To summarize what makes EPRDF different from its predecessors is that the party restructured the State in accordance with the Weberian notion of a legal-rational political system. It has introduced constitutionally legal rational institutions such as parliament, check and balance, separation of power, multiparty system, federalism and independent bureaucracy. In practice, however, EPRDF revivified patrimonial rule and practiced it in a pervasive and destructive manner more perfectly than the military Derge and imperial regime. The legal-rational institutions paradoxically used as an instrument of obtaining internal and external legitimacy. Established democratic institutions are cosmetic and the State is seen as the private affairs of the TPLF-led EPRDF elite clientlists.

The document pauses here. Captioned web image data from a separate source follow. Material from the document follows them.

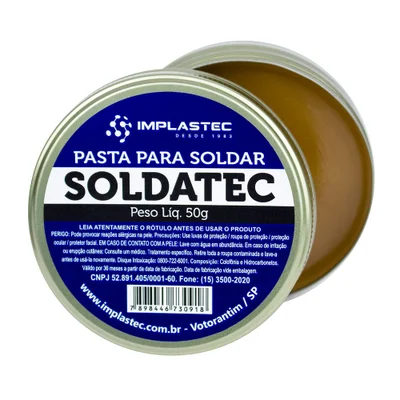 Pasta De Solda Soldatec Implastec 50g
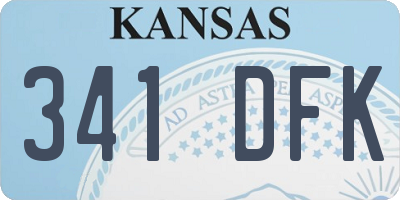 KS license plate 341DFK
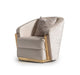 AICO Carmela Accent Chair in Shimmer Ivory - Bargain Furniture (Detroit, MI)
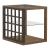Bayhill Trellis Rectangular Glass/Wood End Table
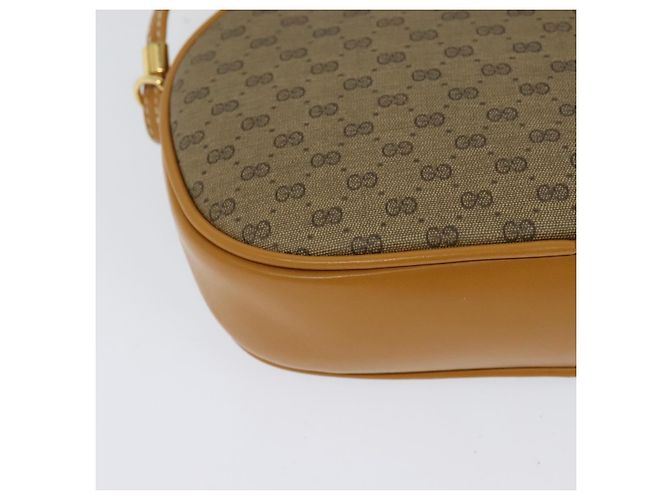 Gucci Borsa a Spalla Micro GG Supreme PVC Marrone Oro 007 084 0094 Auth BA1504 D'oro - vista 16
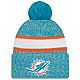 New Era Men's Miami Dolphins 2023 Sideline Sport Knit Beanie                                                                     - view number 1 selected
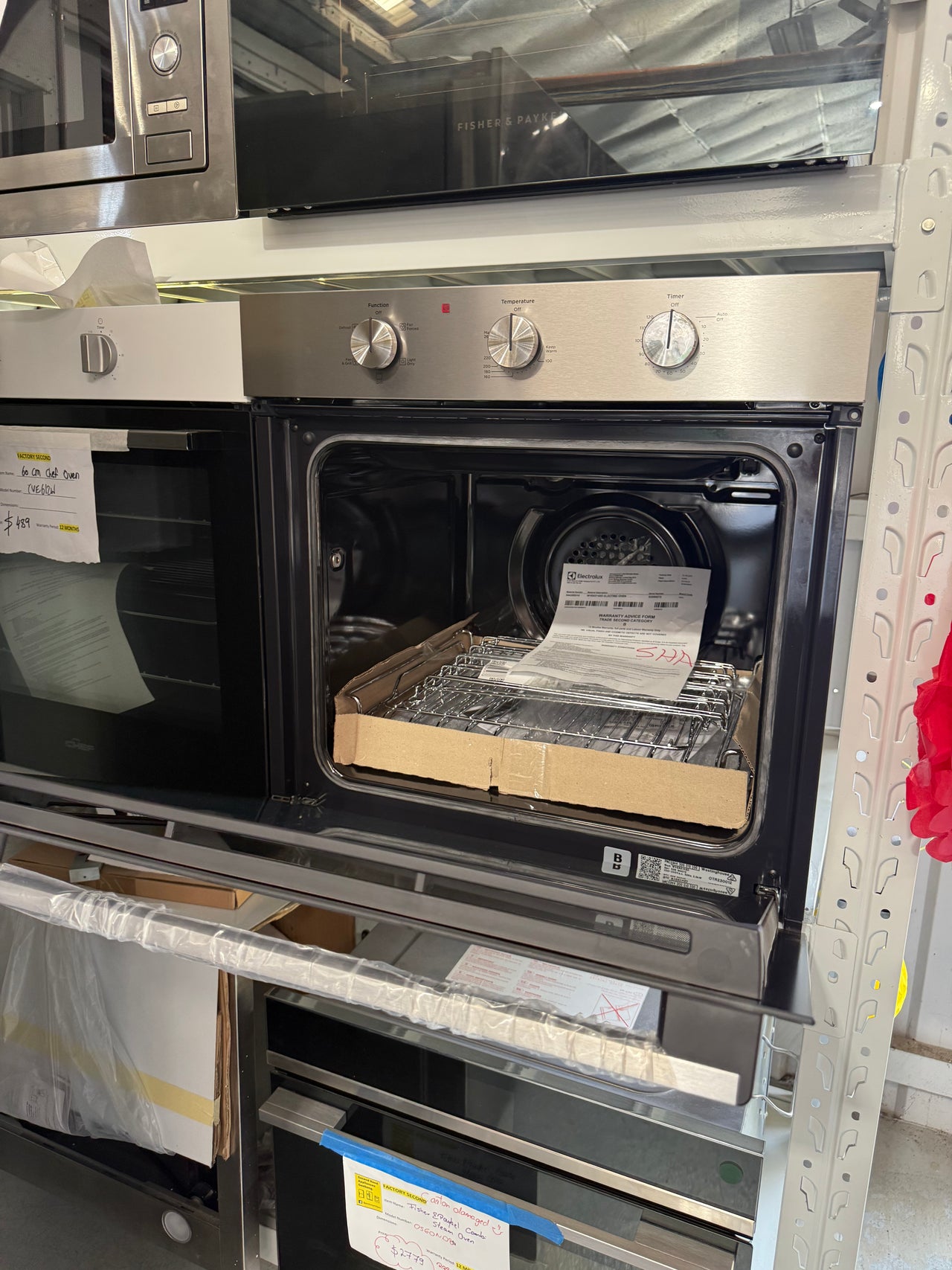 Factory second Westinghouse 60cm Stainless Steel Multi-Function Oven WVE6314SD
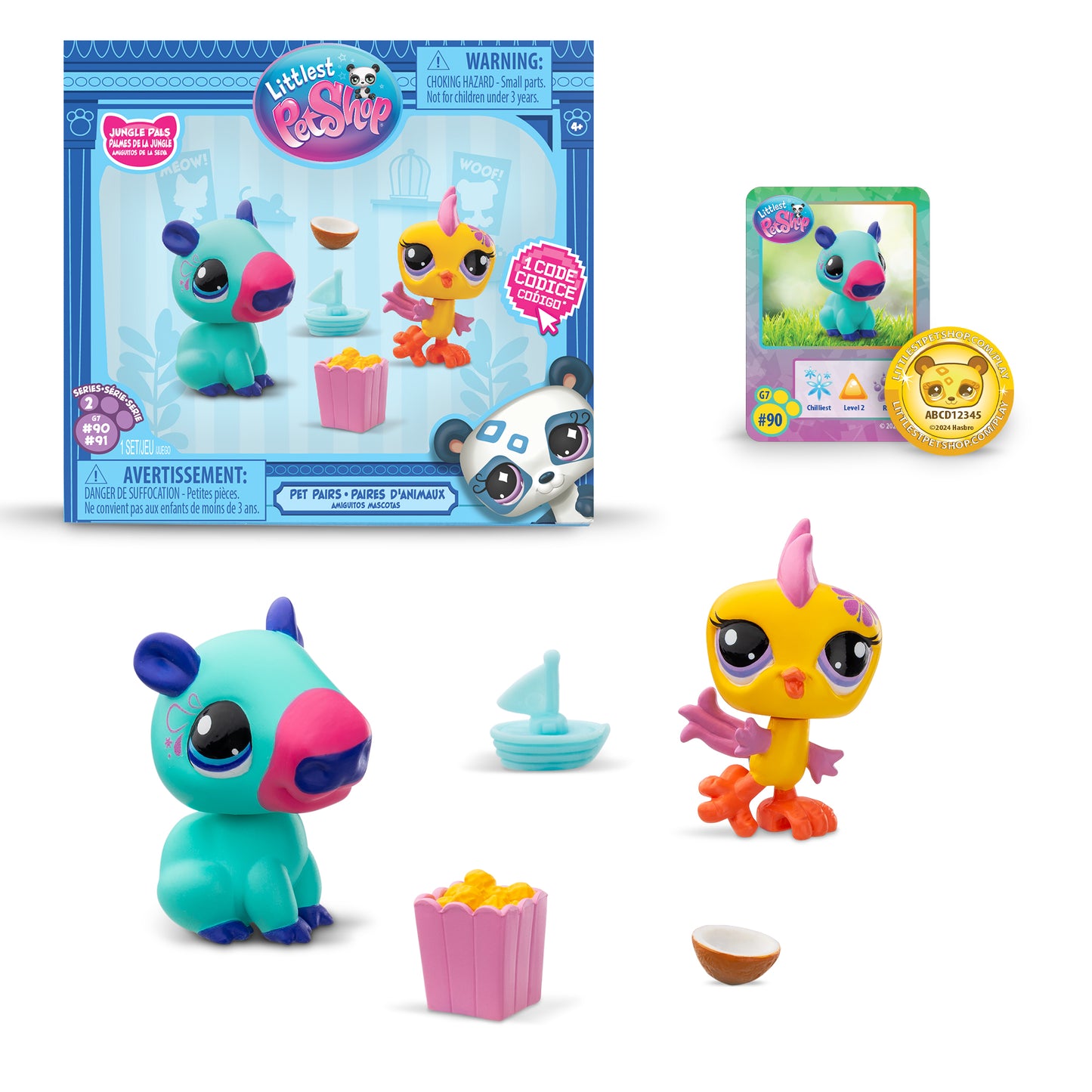 Littlest Pet Shop Pet Pairs 2-Pack Jungle Pals image 0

Personalized power, fusion of state and party, contested legitimacy and as a result rule based on manufactured consent using patronage system, extraversion and coercion; entwinement of business and politics and as a result parasitic rent seeking and state capture, hierarchical patron-client relationship between networks of the ruling clique of the federal government and regional government leaders, strong executive, politics of clientelism and party dominance are key manifestation of neopatrimonialism.


Concluding Remarks


In this paper, I examined the constitutional legitimacy crisis of the FDRE constitution. The central argument is that the constitution lacks legitimacy in the making, content of the constitution and actual practice. It is not a negotiated constitution. Rather the very raison d'être of the constitution is elite hegemonic aspiration. As a result, the kind of legitimacy is contested legitimacy. Coercion, intimidation and extraversion are alternative means to obtain legitimacy. As hegemony is always a contestable, often unfinished process, counter hegemonic resistance endangered the constitutional durability of Ethiopia. The imperial and PDRE constitutions had never survived their authors. The current FDRE constitution also faced the same problem. Therefore, this paper suggests that even though the constitutional making process of the FDRE constitution is illegitimate, it is possible to make the constitution legitimate and hence the constitution will continue. Inclusive elite negotiation and then amendment, and constitutionalism are the three cardinals to make the FDRE constitution legitimate.